### Available data
§

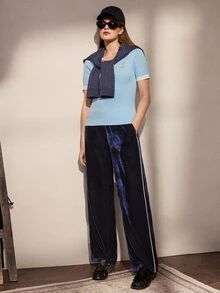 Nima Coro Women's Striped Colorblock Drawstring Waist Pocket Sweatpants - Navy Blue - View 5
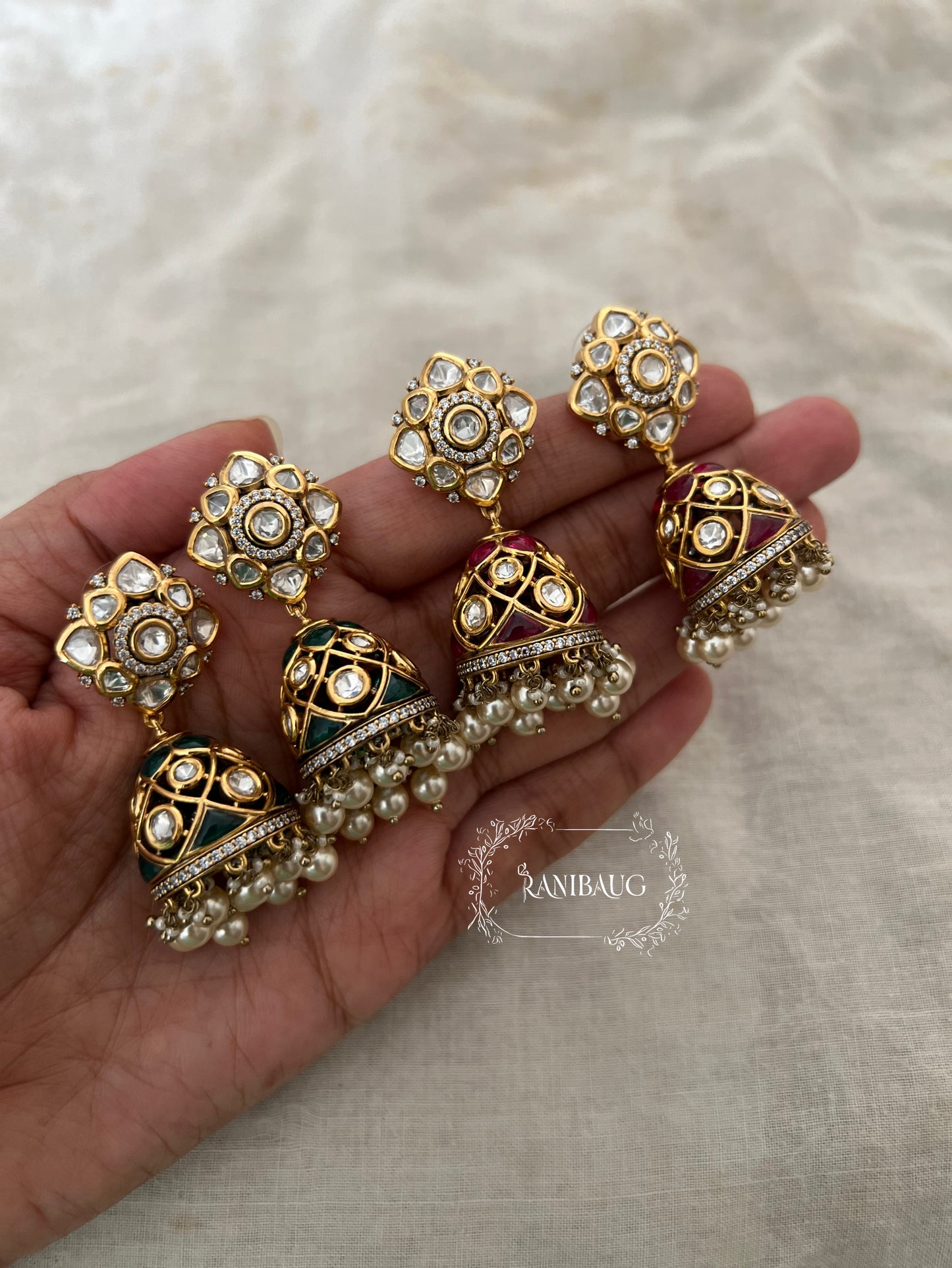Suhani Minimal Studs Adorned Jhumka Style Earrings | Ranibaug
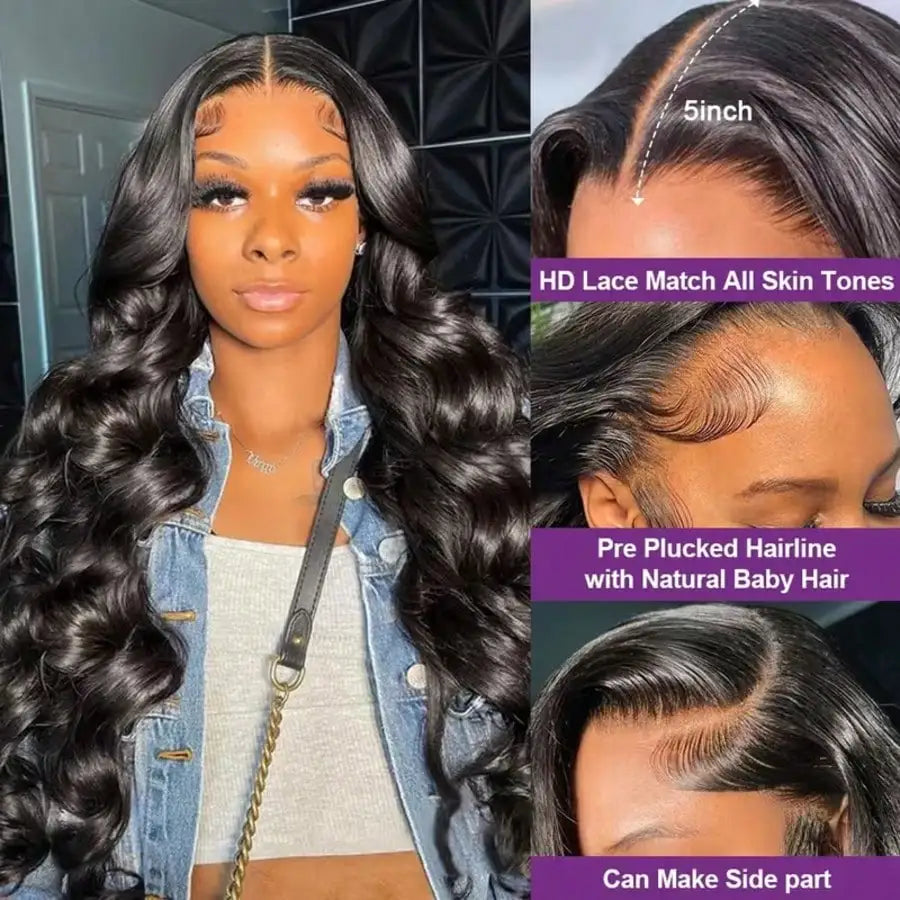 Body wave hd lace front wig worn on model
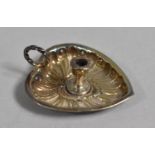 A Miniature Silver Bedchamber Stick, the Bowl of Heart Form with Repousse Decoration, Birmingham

§

From the line with "Body wave hd lace front wig worn on model" through the final line of the data above, copy everything exactly, both ends included, but not the pictures.

 Body wave hd lace front wig worn on model
 A Miniature Silver Bedchamber Stick, the Bowl of Heart Form with Repousse Decoration, Birmingham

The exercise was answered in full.